Stored data:

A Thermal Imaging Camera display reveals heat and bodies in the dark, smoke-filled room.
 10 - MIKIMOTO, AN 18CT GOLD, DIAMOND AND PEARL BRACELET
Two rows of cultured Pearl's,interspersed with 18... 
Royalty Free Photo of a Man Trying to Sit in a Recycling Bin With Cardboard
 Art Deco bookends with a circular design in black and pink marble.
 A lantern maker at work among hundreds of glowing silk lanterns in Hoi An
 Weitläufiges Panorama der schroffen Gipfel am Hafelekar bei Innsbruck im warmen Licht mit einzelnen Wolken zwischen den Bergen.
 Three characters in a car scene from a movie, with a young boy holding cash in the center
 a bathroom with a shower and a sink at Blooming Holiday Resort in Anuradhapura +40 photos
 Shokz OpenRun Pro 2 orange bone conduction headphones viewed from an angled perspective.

## PROBLEM REQUIREMENTS
Which lines should be output? Exactly those from the first line of the data through the line containing "Art Deco bookends", inclusive.

## RESULT BELOW
A Thermal Imaging Camera display reveals heat and bodies in the dark, smoke-filled room.
 10 - MIKIMOTO, AN 18CT GOLD, DIAMOND AND PEARL BRACELET
Two rows of cultured Pearl's,interspersed with 18... 
Royalty Free Photo of a Man Trying to Sit in a Recycling Bin With Cardboard
 Art Deco bookends with a circular design in black and pink marble.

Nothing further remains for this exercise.